Each tournament previewed, the Pig-nosticator will list out @tennispig‘s picks to sizzle and fizzle for the week. Don’t forget that if something you peruse through in the preview provides you with something helpful – a visit to the Tip Jar would be kindly appreciated.
AND THAT’S THE BOTTOM LINE BECAUSE THE PIG SAID SO …

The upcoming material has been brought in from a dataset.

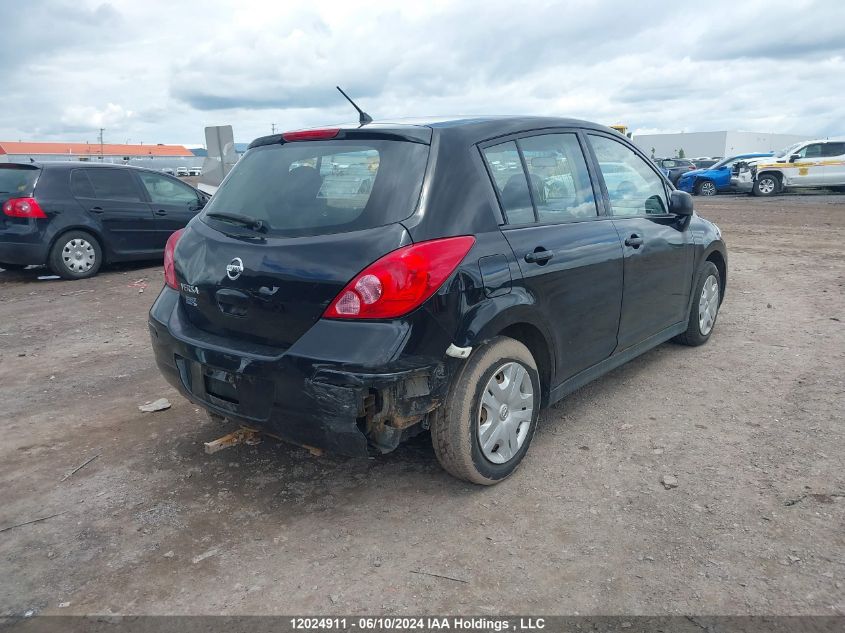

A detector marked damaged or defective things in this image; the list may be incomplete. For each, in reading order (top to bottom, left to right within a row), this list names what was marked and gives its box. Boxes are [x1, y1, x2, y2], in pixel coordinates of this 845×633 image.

damaged rear bumper [148, 286, 452, 454]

The top seed has been involved in the business end in Brisbane, but has won just once in the last four years (Federer – 2015). Among the top three seeds are three former champions at this stop on the tour in Dimitrov, Raonic and Murray. I’d erase Murray off the list of contenders until he can prove he’s fit enough to handle several matches in a row. Raonic is a shorter question mark and can blister opponents with his serve. The positives for Dimitrov are that he is 3-1 against Raonic if it came down to that for the title. The negative is that Dimitrov has a tougher route prior to that possibly showdown with Gilles Muller and Nick Kyrgios in his path to the final.
Dimitrov is 2-0 against Kyrgios, but 2-3 against Muller. A win this week would make him the first repeat champion since Murray did the trick in 2012 and 2013. Damir Dzumhur is the sleeper for me amongst the seeds. The #7 seed is in Murray’s quarter and could benefit from the Scot not being up to snuff yet, but there are dangerous floaters like Jared Donaldson, Jordan Thompson, Leonardo Mayer and Ryan Harrison who could spring some surprises as non-seeded players. Non-seeds haven’t done much the last few years at the Brisbane International though with Lleyton Hewitt as the last non-seed to make the final (2014) and Dimitrov as the last non-seed to win the title (2013).
Bottom line – Kyrgios is the gut pick with Dzumhur as the longer shot. Dimitrov may prove me wrong by rolling this week, but I just have a feeling that he’s going to get got before the final.